Par Sonia Gill, PNUD Jamaïque


Photo: PNUD en Jamaïque
L'un des édifices détruit par les violents affrontements de mai 2010.

Kingston (Jamaïque) – Plus de 65 civils ont trouvé la mort au cours des opérations visant à mettre fin à la vague de violence qui a frappé au mois de mai la capitale de la Jamaïque, Kingston, à l’occasion de la poursuite lancée par les forces de sécurité contre Christopher «Dudus » Coke, soupçonné de diriger un cartel de la drogue.

Quatorze postes de police ont été attaqués, le marché municipal de Kingston a été brûlé, trois représentants des forces de l’ordre tués et les routes vers l’aéroport bloquées au cours de cette période de violence et d’intervention des forces nationales de sécurité.

Le PNUD a été en mesure de fournir aux autorités un soutien immédiat à la coordination de leurs efforts de redressement et a lancé un programme "Argent contre travail" destiné aux membres des communautés qui ont perdu leurs moyens de subsistance.

Parmi ceux qui ont perdu leurs revenus, un millier de vendeurs, la plupart des femmes, travaillaient au Coronation Market de Kingston, le plus grand marché du pays, qui a été détruit pendant les violences. Le PNUD a financé l’embauche par les autorités municipales de plus de 300 femmes et hommes chargés de réhabiliter le marché.

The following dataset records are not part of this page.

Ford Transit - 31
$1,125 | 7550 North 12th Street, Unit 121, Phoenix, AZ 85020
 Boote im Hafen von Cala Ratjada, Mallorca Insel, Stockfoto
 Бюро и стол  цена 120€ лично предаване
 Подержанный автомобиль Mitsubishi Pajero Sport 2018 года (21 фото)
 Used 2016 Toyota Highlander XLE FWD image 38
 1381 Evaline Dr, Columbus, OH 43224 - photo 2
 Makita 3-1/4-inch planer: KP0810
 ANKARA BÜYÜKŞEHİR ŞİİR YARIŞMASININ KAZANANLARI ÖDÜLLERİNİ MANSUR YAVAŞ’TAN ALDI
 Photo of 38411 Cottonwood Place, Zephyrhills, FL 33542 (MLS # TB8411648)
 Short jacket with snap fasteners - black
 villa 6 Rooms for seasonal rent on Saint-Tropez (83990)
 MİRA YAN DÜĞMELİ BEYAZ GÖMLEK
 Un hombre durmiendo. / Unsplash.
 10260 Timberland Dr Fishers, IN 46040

Afin d’aider l’enquête sur les meurtres de civils pendant la crise, le PNUD a dépêché une équipe d’experts en pathologie et en balistique, venus du Canada, de l’Australie, de la Colombie, du Portugal et des États-Unis, pour assister aux autopsies, examiner les preuves physiques et les lieux du crime.

Le PNUD a par ailleurs contribué à l’élaboration et la mise en œuvre d’un programme de renouveau communautaire sous la direction des pouvoirs publics, initiative interministérielle qui vise à satisfaire aux besoins sociaux, économiques et sécuritaires des habitants des quartiers ouest de Kingston. Des fonds ont également été alloués pour susciter un débat national, y compris les partenaires de la société civile, sur les besoins politiques et législatifs à plus long terme en matière de gouvernance transparente et responsable.

Le PNUD contribue à présent à l’évaluation des coûts économiques et sociaux infligés au pays par les événements qui ont conduit les autorités à décréter l’état d'urgence.